◆ TASK BRIEF ◆
Type out all the records once more, exactly.

◆ TASK INPUT ◆
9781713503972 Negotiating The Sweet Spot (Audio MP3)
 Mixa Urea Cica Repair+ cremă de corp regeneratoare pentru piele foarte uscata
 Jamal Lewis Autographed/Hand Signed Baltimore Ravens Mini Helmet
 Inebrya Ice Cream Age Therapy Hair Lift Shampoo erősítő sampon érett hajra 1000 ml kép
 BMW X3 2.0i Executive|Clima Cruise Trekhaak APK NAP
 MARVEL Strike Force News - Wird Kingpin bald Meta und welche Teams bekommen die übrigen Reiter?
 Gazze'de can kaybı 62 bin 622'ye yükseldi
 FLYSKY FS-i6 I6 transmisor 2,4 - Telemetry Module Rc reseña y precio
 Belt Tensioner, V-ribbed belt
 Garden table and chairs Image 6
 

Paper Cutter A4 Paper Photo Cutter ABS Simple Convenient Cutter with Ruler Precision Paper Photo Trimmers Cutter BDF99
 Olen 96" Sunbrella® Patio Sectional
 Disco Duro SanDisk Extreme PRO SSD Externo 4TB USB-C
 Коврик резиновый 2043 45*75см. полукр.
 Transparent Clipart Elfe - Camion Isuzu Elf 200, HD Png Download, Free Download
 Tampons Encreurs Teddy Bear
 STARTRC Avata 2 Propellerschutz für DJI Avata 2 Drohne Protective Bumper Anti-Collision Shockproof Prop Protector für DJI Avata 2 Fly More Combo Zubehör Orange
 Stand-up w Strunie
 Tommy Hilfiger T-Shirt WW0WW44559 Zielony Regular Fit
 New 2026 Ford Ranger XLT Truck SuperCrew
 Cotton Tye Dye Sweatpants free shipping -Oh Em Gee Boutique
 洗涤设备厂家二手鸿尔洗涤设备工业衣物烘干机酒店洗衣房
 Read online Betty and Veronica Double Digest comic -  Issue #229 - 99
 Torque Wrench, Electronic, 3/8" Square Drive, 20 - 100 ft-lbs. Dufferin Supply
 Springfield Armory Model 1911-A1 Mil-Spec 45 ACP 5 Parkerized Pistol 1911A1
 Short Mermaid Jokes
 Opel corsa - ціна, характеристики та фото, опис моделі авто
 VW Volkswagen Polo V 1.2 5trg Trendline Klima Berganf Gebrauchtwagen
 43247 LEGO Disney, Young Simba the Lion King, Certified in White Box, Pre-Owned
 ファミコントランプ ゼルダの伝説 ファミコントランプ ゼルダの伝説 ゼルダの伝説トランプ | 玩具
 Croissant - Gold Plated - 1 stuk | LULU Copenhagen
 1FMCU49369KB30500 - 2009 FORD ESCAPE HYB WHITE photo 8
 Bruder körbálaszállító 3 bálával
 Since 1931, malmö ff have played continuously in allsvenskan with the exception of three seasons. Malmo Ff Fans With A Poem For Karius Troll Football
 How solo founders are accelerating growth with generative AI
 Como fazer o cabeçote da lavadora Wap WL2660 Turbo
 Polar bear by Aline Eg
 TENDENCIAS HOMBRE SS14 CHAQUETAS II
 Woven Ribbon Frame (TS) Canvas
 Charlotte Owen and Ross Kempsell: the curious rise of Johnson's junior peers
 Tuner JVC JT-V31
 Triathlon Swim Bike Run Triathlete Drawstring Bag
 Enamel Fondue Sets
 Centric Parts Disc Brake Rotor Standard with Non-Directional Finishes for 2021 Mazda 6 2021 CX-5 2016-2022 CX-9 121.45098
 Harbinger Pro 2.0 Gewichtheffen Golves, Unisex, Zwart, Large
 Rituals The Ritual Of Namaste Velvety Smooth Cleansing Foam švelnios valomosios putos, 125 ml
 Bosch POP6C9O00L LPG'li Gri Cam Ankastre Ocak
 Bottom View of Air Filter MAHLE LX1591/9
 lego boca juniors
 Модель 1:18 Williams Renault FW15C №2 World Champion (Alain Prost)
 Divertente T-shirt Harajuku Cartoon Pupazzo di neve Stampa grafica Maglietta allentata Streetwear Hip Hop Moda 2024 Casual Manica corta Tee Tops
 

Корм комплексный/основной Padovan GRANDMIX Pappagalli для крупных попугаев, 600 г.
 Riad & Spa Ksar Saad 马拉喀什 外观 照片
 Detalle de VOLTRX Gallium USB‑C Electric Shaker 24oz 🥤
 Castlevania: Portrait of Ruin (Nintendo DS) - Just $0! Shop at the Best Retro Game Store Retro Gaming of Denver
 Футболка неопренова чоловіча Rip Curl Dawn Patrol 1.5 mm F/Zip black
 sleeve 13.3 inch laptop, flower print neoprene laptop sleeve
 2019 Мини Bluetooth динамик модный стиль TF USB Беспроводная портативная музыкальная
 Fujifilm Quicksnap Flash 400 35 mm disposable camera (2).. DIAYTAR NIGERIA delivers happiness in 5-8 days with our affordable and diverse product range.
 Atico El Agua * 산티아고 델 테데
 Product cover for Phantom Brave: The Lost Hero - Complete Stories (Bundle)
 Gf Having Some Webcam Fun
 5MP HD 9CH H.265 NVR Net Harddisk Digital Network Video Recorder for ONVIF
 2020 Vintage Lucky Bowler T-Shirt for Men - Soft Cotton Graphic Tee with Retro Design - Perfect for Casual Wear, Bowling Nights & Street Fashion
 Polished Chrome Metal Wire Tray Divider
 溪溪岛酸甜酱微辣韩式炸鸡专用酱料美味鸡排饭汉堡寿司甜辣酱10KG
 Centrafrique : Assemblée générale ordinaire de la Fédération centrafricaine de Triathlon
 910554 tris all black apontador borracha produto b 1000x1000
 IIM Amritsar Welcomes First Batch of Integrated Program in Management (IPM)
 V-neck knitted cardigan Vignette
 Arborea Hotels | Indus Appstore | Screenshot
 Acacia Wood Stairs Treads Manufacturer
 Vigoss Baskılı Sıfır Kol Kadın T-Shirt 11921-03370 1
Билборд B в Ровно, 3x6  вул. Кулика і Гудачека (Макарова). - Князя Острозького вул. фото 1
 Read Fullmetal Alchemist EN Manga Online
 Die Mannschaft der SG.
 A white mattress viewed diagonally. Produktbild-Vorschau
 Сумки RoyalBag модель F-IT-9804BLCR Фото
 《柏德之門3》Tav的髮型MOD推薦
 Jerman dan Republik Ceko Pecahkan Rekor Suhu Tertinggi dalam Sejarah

◆ RESPONSE AREA ◆
9781713503972 Negotiating The Sweet Spot (Audio MP3)
 Mixa Urea Cica Repair+ cremă de corp regeneratoare pentru piele foarte uscata
 Jamal Lewis Autographed/Hand Signed Baltimore Ravens Mini Helmet
 Inebrya Ice Cream Age Therapy Hair Lift Shampoo erősítő sampon érett hajra 1000 ml kép
 BMW X3 2.0i Executive|Clima Cruise Trekhaak APK NAP
 MARVEL Strike Force News - Wird Kingpin bald Meta und welche Teams bekommen die übrigen Reiter?
 Gazze'de can kaybı 62 bin 622'ye yükseldi
 FLYSKY FS-i6 I6 transmisor 2,4 - Telemetry Module Rc reseña y precio
 Belt Tensioner, V-ribbed belt
 Garden table and chairs Image 6
 

Paper Cutter A4 Paper Photo Cutter ABS Simple Convenient Cutter with Ruler Precision Paper Photo Trimmers Cutter BDF99
 Olen 96" Sunbrella® Patio Sectional
 Disco Duro SanDisk Extreme PRO SSD Externo 4TB USB-C
 Коврик резиновый 2043 45*75см. полукр.
 Transparent Clipart Elfe - Camion Isuzu Elf 200, HD Png Download, Free Download
 Tampons Encreurs Teddy Bear
 STARTRC Avata 2 Propellerschutz für DJI Avata 2 Drohne Protective Bumper Anti-Collision Shockproof Prop Protector für DJI Avata 2 Fly More Combo Zubehör Orange
 Stand-up w Strunie
 Tommy Hilfiger T-Shirt WW0WW44559 Zielony Regular Fit
 New 2026 Ford Ranger XLT Truck SuperCrew
 Cotton Tye Dye Sweatpants free shipping -Oh Em Gee Boutique
 洗涤设备厂家二手鸿尔洗涤设备工业衣物烘干机酒店洗衣房
 Read online Betty and Veronica Double Digest comic -  Issue #229 - 99
 Torque Wrench, Electronic, 3/8" Square Drive, 20 - 100 ft-lbs. Dufferin Supply
 Springfield Armory Model 1911-A1 Mil-Spec 45 ACP 5 Parkerized Pistol 1911A1
 Short Mermaid Jokes
 Opel corsa - ціна, характеристики та фото, опис моделі авто
 VW Volkswagen Polo V 1.2 5trg Trendline Klima Berganf Gebrauchtwagen
 43247 LEGO Disney, Young Simba the Lion King, Certified in White Box, Pre-Owned
 ファミコントランプ ゼルダの伝説 ファミコントランプ ゼルダの伝説 ゼルダの伝説トランプ | 玩具
 Croissant - Gold Plated - 1 stuk | LULU Copenhagen
 1FMCU49369KB30500 - 2009 FORD ESCAPE HYB WHITE photo 8
 Bruder körbálaszállító 3 bálával
 Since 1931, malmö ff have played continuously in allsvenskan with the exception of three seasons. Malmo Ff Fans With A Poem For Karius Troll Football
 How solo founders are accelerating growth with generative AI
 Como fazer o cabeçote da lavadora Wap WL2660 Turbo
 Polar bear by Aline Eg
 TENDENCIAS HOMBRE SS14 CHAQUETAS II
 Woven Ribbon Frame (TS) Canvas
 Charlotte Owen and Ross Kempsell: the curious rise of Johnson's junior peers
 Tuner JVC JT-V31
 Triathlon Swim Bike Run Triathlete Drawstring Bag
 Enamel Fondue Sets
 Centric Parts Disc Brake Rotor Standard with Non-Directional Finishes for 2021 Mazda 6 2021 CX-5 2016-2022 CX-9 121.45098
 Harbinger Pro 2.0 Gewichtheffen Golves, Unisex, Zwart, Large
 Rituals The Ritual Of Namaste Velvety Smooth Cleansing Foam švelnios valomosios putos, 125 ml
 Bosch POP6C9O00L LPG'li Gri Cam Ankastre Ocak
 Bottom View of Air Filter MAHLE LX1591/9
 lego boca juniors
 Модель 1:18 Williams Renault FW15C №2 World Champion (Alain Prost)
 Divertente T-shirt Harajuku Cartoon Pupazzo di neve Stampa grafica Maglietta allentata Streetwear Hip Hop Moda 2024 Casual Manica corta Tee Tops
 

Корм комплексный/основной Padovan GRANDMIX Pappagalli для крупных попугаев, 600 г.
 Riad & Spa Ksar Saad 马拉喀什 外观 照片
 Detalle de VOLTRX Gallium USB‑C Electric Shaker 24oz 🥤
 Castlevania: Portrait of Ruin (Nintendo DS) - Just $0! Shop at the Best Retro Game Store Retro Gaming of Denver
 Футболка неопренова чоловіча Rip Curl Dawn Patrol 1.5 mm F/Zip black
 sleeve 13.3 inch laptop, flower print neoprene laptop sleeve
 2019 Мини Bluetooth динамик модный стиль TF USB Беспроводная портативная музыкальная
 Fujifilm Quicksnap Flash 400 35 mm disposable camera (2).. DIAYTAR NIGERIA delivers happiness in 5-8 days with our affordable and diverse product range.
 Atico El Agua * 산티아고 델 테데
 Product cover for Phantom Brave: The Lost Hero - Complete Stories (Bundle)
 Gf Having Some Webcam Fun
 5MP HD 9CH H.265 NVR Net Harddisk Digital Network Video Recorder for ONVIF
 2020 Vintage Lucky Bowler T-Shirt for Men - Soft Cotton Graphic Tee with Retro Design - Perfect for Casual Wear, Bowling Nights & Street Fashion
 Polished Chrome Metal Wire Tray Divider
 溪溪岛酸甜酱微辣韩式炸鸡专用酱料美味鸡排饭汉堡寿司甜辣酱10KG
 Centrafrique : Assemblée générale ordinaire de la Fédération centrafricaine de Triathlon
 910554 tris all black apontador borracha produto b 1000x1000
 IIM Amritsar Welcomes First Batch of Integrated Program in Management (IPM)
 V-neck knitted cardigan Vignette
 Arborea Hotels | Indus Appstore | Screenshot
 Acacia Wood Stairs Treads Manufacturer
 Vigoss Baskılı Sıfır Kol Kadın T-Shirt 11921-03370 1
Билборд B в Ровно, 3x6  вул. Кулика і Гудачека (Макарова). - Князя Острозького вул. фото 1
 Read Fullmetal Alchemist EN Manga Online
 Die Mannschaft der SG.
 A white mattress viewed diagonally. Produktbild-Vorschau
 Сумки RoyalBag модель F-IT-9804BLCR Фото
 《柏德之門3》Tav的髮型MOD推薦
 Jerman dan Republik Ceko Pecahkan Rekor Suhu Tertinggi dalam Sejarah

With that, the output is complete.